NEWMAN, Circuit Judge.

States Roofing Corporation appeals the decision of the Armed Services Board of Contract Appeals (“the Board”), denying States Roofing’s claim for additional costs incurred in connection with its contract to perform roofing work at a Naval facility in Norfolk, Virginia.1 The claim is brought in accordance with the Contract Disputes Act of 1978, 41 U.S.C. § 601 et seq., and turns on whether States Roofing reasonably interpreted certain aspects of the contract, such that the Navy’s divergent interpretation is appropriately viewed as a constructive change and warrants compensation. The Board allowed the claim as applied to work in some areas of the roof, and denied the claim as to the same work in other areas of the roof. States Roofing appeals the denial, and disputes the meas[1367]*1367ure of the compensation awarded for the allowed portion of the claim.

BACKGROUND

States Roofing and the Navy entered into Contract No. N62470-97-C-8319 for “Building W-143 Roof Replacement, Wall Repair & Painting,” at a fixed price of $2,370,000. Building W-143 is a large structure, and in the contract the roof is divided into eleven “cells,” labeled A through K. These cells include penthouses located on the main roof, and both the main roof itself and the penthouses have vertical elements called parapet walls. This appeal relates to the contract’s requirements for waterproofing of the parapet walls.
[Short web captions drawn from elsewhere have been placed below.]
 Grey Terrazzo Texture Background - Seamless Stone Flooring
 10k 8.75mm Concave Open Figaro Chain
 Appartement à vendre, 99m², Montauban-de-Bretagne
Pursuant to Federal Acquisition Regulation (“FAR”) 52.236-3 (“Site Investigation and Conditions Affecting the Work”), States Roofing’s President, Hugh DeLauney, had inspected the roof of Building W-143 before bidding. Mr. DeLauney observed the roofing work that had previously been performed in cells A and B by a different contractor, RayCo Roofing. RayCo had used waterproofing paint on the parapet walls in these cells; States Roofing formulated its bid accordingly. The Board found that the use of paint to waterproof parapet walls is not uncommon, and that States Roofing had used this method of waterproofing in other government contracts. The Board found that “[a]t the time of the bid, SRC intended to paint the parapet walls after cleaning them; it did not intend to apply any type of wall flashing to them.” Board Opinion at 9.
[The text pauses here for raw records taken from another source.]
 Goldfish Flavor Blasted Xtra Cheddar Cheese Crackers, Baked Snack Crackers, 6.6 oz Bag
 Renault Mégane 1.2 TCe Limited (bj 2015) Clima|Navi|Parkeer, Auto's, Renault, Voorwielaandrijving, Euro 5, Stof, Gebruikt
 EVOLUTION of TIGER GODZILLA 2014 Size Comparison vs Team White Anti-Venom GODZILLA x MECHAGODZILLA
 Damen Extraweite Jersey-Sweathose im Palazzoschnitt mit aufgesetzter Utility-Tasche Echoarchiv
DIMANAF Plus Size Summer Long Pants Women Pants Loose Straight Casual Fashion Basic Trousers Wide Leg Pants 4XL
After States Roofing had been awarded the contract and had begun work on the project, the Navy objected to the use of waterproofing paint on the parapet walls. Lt. Darren R. Hale, the Assistant Resident Officer in Charge of Construction, disagreed with States Roofing’s understanding of the contract, and required use of three-ply felt flashing material to waterproof the parapet walls. It was eventually agreed that States Roofing would apply a one-ply waterproofing flashing material having the brand name “DynaClad,” but only because the commercially available three-ply flashing material was found not suitable for this application and DynaClad was deemed a comparable substitute. States Roofing complied with the Navy’s instructions and applied the DynaClad to the parapet walls, and requested an equitable adjustment for the additional cost of using DynaClad flashing material instead of paint on the parapet walls. The Navy’s contracting officer held that the use of DynaClad was a no-cost change, reasoning that the contract required three-ply flashing material, not paint.
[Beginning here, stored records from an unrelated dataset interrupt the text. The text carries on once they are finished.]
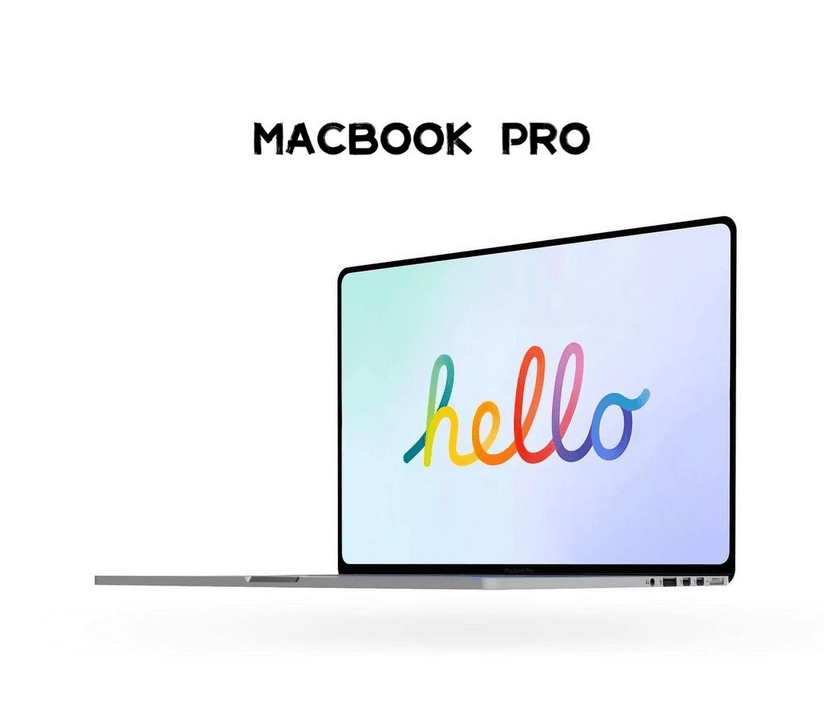 苹果m1x macbook pro新机曝光!不再有品牌logo,边框也更窄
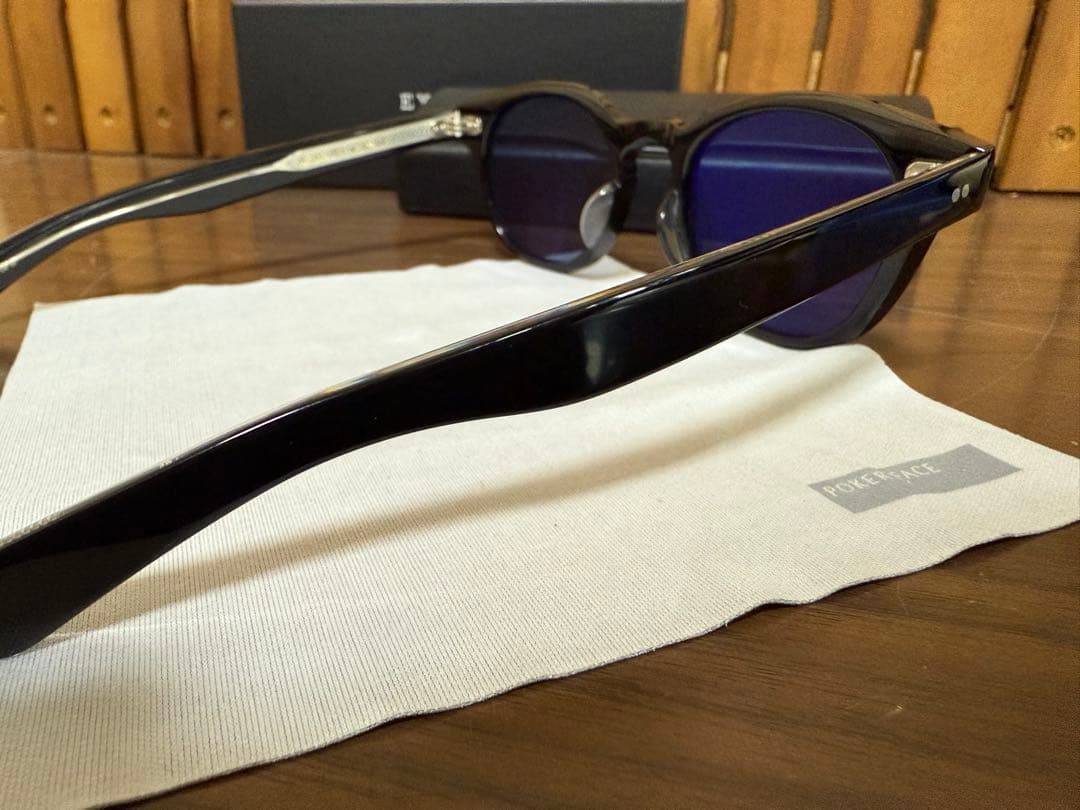 EYEVAN アイヴァン Arcadeサングラス ブラック ブルーレンズ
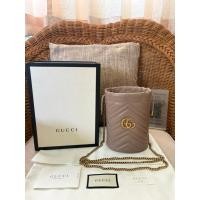 ราคา Like new‼️Gucci marmont mini bucket bag สีเบจนู้ด ของเเท้100% ใหม่ม้ากก‼️ (48857865780)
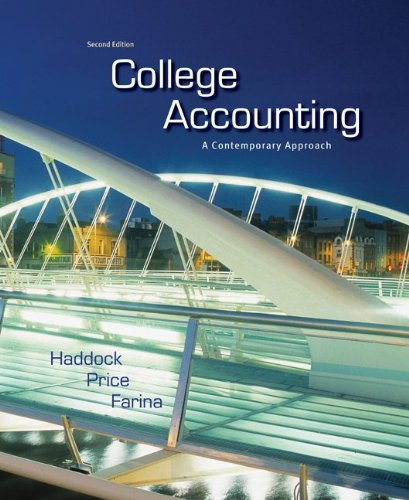 College Accounting: A Contemporary Approach,New
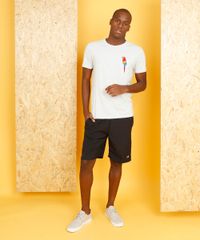 Camiseta-Masculina-Blueman-Arara-Manga-Curta-Gola-Careca-Cinza-Mescla-Claro-9282656-Cinza_Mescla_Claro_2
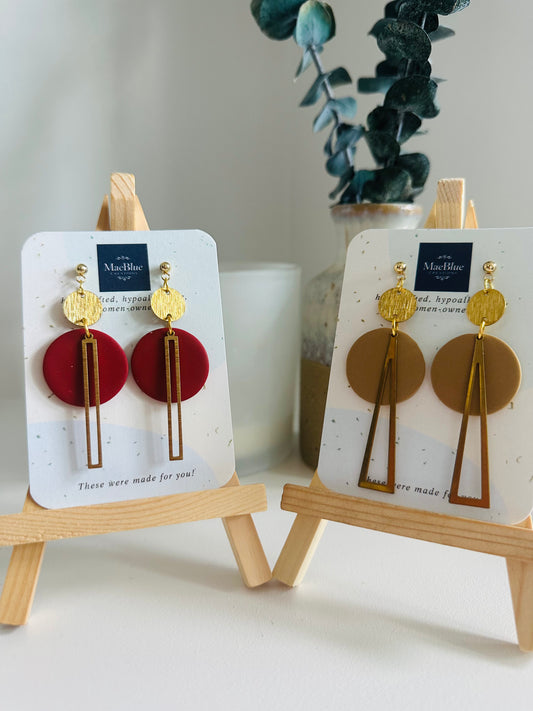 Center of Attention Earrings (MULTIPLE COLORS)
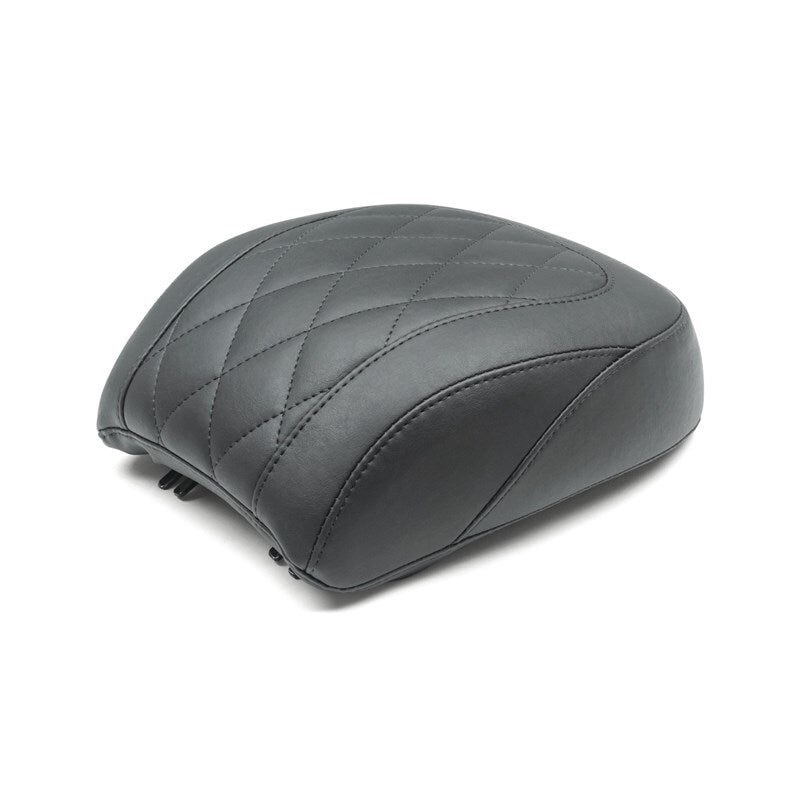 Mustang Motorcycle Mustang Fat Boy Wide Tripper Passenger Seat Diamond Stitch Black - 83027 For Harley Softail Fat Boy 114 2018-2021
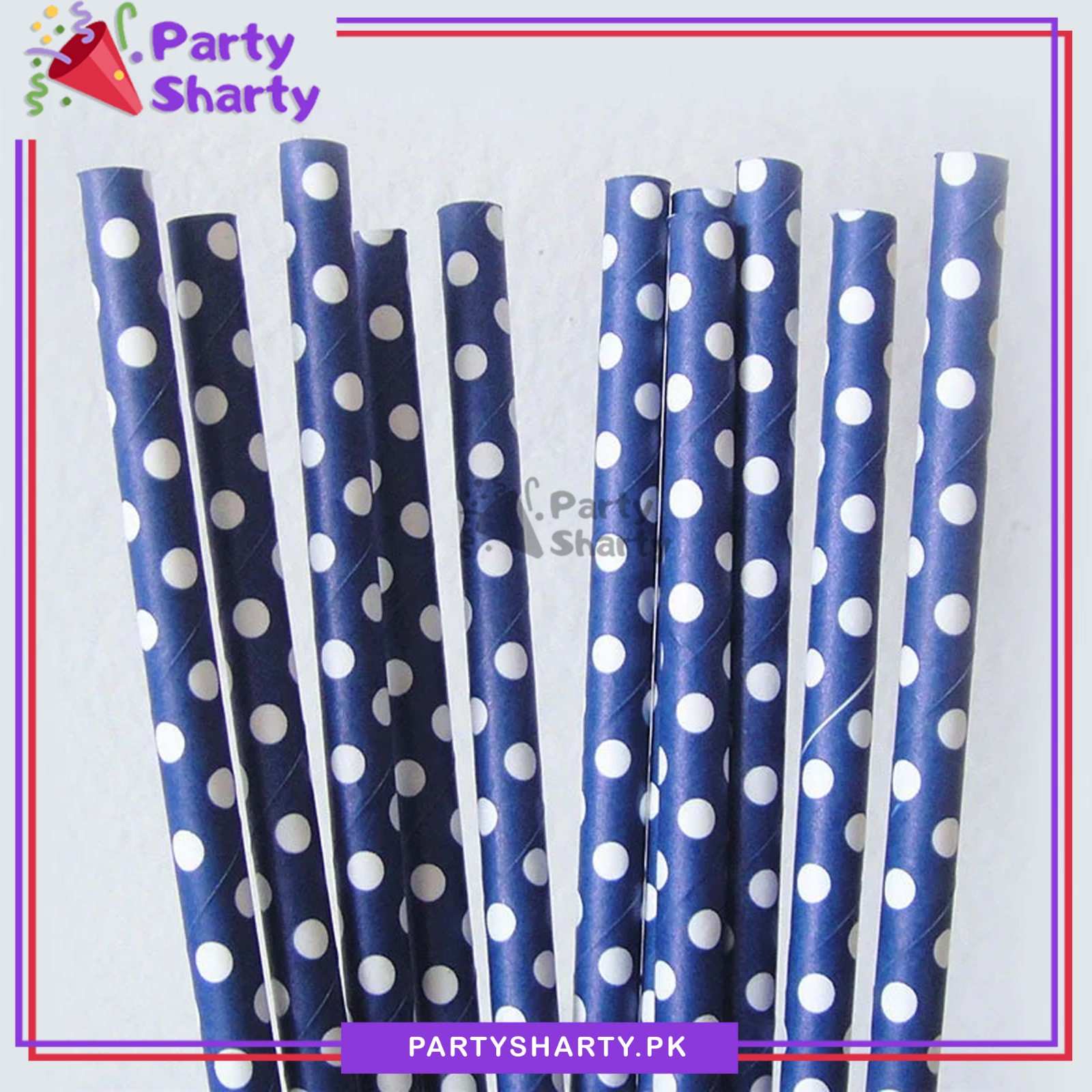 20pcs/Set Paper Straws for Birthday Party Decoration and Celebration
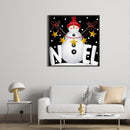 Diamond Painting Christmas Round Rhinestone Wall Picture Decor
The roofing work continued to completion. States Roofing’s accountant performed an audit, including all adjustments and settled claims, and concluded that the company had incurred costs totaling $3,329,317.51 in performing the contract, excluding profit. The government’s corresponding audit concluded that total costs of $3,336,636 were incurred, excluding profit. States Roofing was paid a total of $2,934,346.07, placing it in an overall loss position.

On appeal to the Board, States Roofing argued that it had reasonably interpreted the contract as permitting use of waterproofing paint for the parapet walls, and that if the contract were unclear or ambiguous, reasonable doubt should be resolved in favor of the contractor under the rules of interpretation of federal procurement contracts. The Board found that for the parapet walls of the penthouses of roof cells A and B, only waterproofing paint was required, but that for parapet walls in cells C through J, three-ply flashing mate[1368]*1368rial was required. The Board found that States Roofing erroneously assumed that the acceptability of paint for cells A and B also applied to cells C through J, and that States Roofing failed to take account of certain detail appearing on drawing A38, which was one of the 48 sheets of drawings included with the contract. The Board found that there was “no specification for the parapet wall waterproofing membrane,” for the Navy stated that it had “inadvertently” omitted this specification. Board Opinion at 7. However, the Board held that drawing A38 provided sufficient indication that felt flashing material was required on the parapet walls, to render States Roofing’s interpretation “not within the zone of reasonableness.” Id. at 20.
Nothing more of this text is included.